Task goal: Print only the lines below from the one with "NWOT Silver Deathly" to the one with "RENAULT - SANDERO", both included, exactly as they stand. Leave pictures out.

The records:
===============
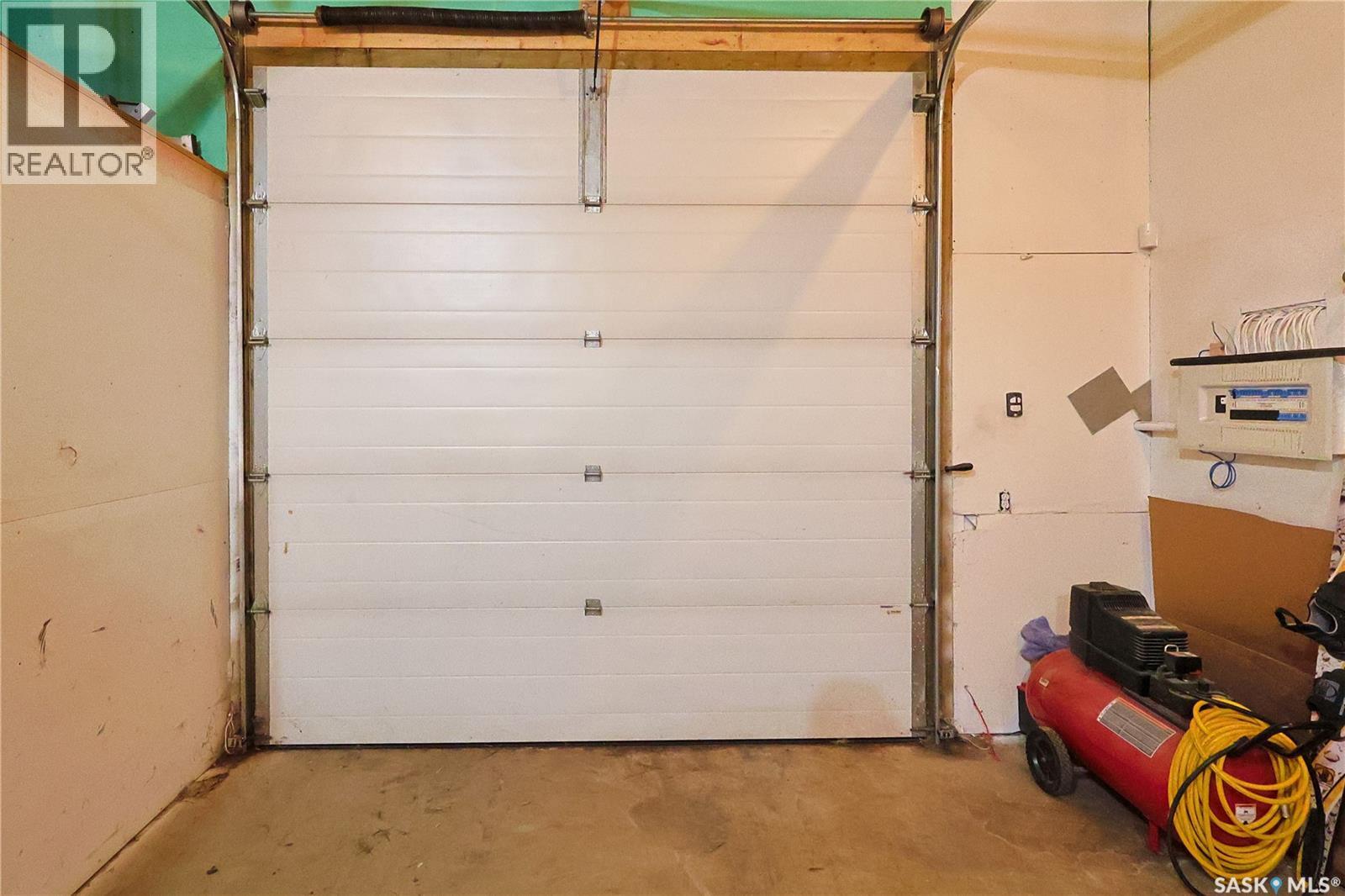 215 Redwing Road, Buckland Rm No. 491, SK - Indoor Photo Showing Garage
===============
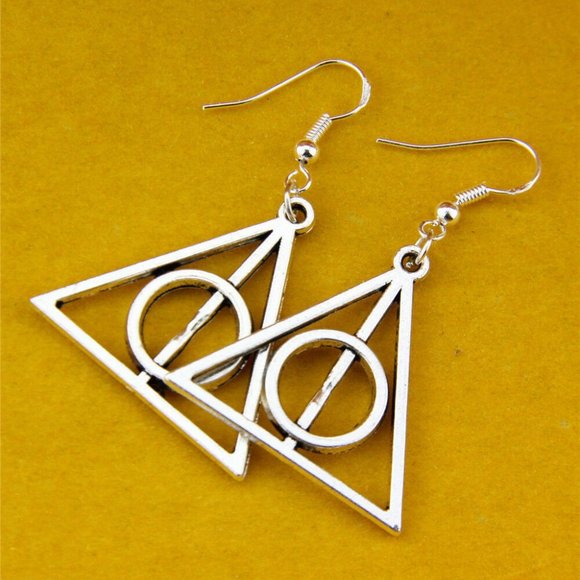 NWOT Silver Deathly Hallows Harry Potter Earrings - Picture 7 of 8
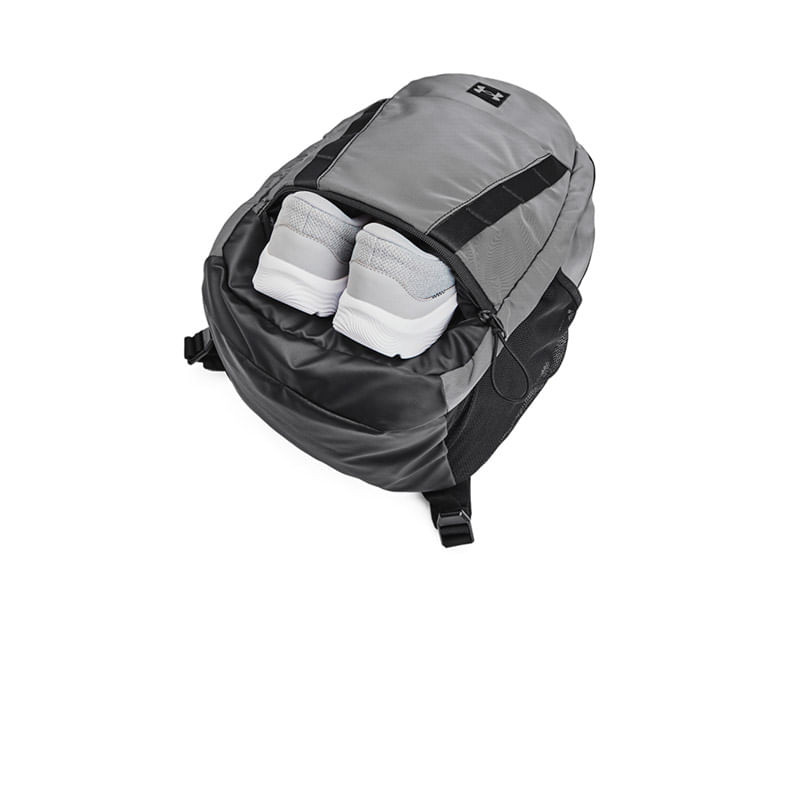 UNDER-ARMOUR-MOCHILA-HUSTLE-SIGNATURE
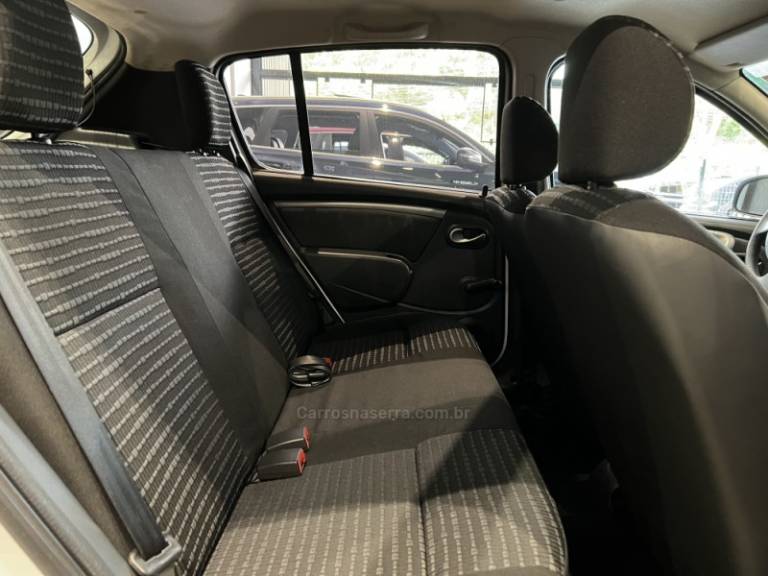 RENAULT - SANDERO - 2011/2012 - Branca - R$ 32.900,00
===============
Expected answer:
 NWOT Silver Deathly Hallows Harry Potter Earrings - Picture 7 of 8
 UNDER-ARMOUR-MOCHILA-HUSTLE-SIGNATURE
 RENAULT - SANDERO - 2011/2012 - Branca - R$ 32.900,00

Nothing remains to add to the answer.